Djibouti secures $27m loan from Kuwait for geothermal drilling campaign

Djibouti secures $27m loan from Kuwait for geothermal drilling campaign Lake Assal, Djibouti (source: Fishercd, commons Wikimedia)
Alexander Richter 21 Jul 2017

The Kuwait Development Fund has granted a $27 million loan to the Geothermal Energy Development Office of Djibouti, for the drilling of up to 10 wells and the construction of a 15 MW geothermal power plant.

Reported last week, Kuwait has granted funding of $27 million to support the geothermal development program in Djibouti, Africa.

This was reported in a statement from the Djiboutian Geothermal Energy Development Office (ODDEG). According to the statement, The Kuwaiti Development Fund (FKD) will provide a $27 million loan for the drilling of 10 wells (eight production boreholes and two re-injection boreholes) and a geothermal power plant with a capacity of 15 MW by the year 2021.

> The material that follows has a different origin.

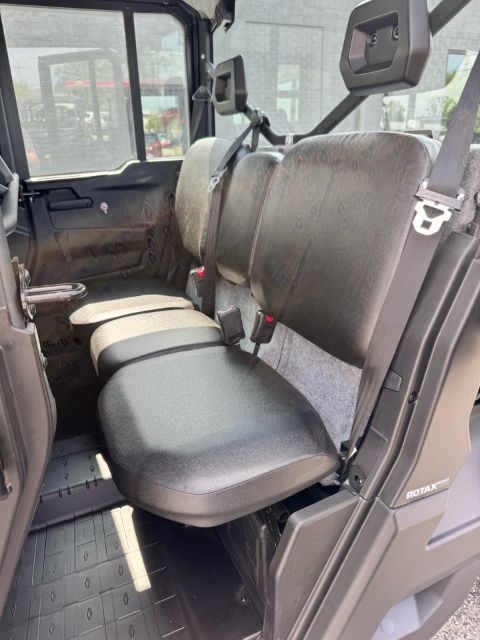 2026 Can-Am Defender MAX DPS CAB HD10 in Seymour, Indiana - Photo 5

The agreement was signed last week and is hailed by both sides as helping to propel the national geothermal development program of Djibouti.

“The signing of this agreement is mainly the result of two weeks of intensive work between the FKD and ODDEG officials, who focused on the financial and technical evaluation of the Gale-Le-Koma geothermal project in the region. Lake Assal, located in the north of Djibouti.

Launched in October 2016 by Djibouti President Ismail Omar Guelleh, the project has been fully funded by the Djibouti government and executed by the ODDEG.

Djibouti has for this purpose acquired two drilling rigs (a first in the country) capable of drilling more than 2 km deep and greatly strengthening the training of its human skills.

The first results of the project, the first slim-hole drilling in the country, confirmed an intermediate geothermal reservoir on the site, according to the ODDEG.

“With these results in line with our expectations and the expectations of a whole country, we were finally able to carry out a feasibility study for the construction of a geothermal power station with a capacity of 15 MW in its first phase, which will reach 50 MW in its final phase, “the statement said.

The ODDEG also recalls in this document that the signing of this loan agreement to finance this project announces “how much in such a short time this courageous bet of the Djiboutian government was a real success”.

Indeed, the Djiboutian president has made the development of clean energy, permanent and accessible to all and everywhere one of the priorities of the road map of its new five-year plan.

For the President of Djibouti, the energy independence of his country will be “based on renewable energies and especially geothermal energy whose potential is estimated at more than 1,000 MW”.

Djibouti, which currently uses 65% hydroelectric power from an electricity interconnection line with neighboring Ethiopia, also aims to become the first African country to use 100% of green energy by 2025.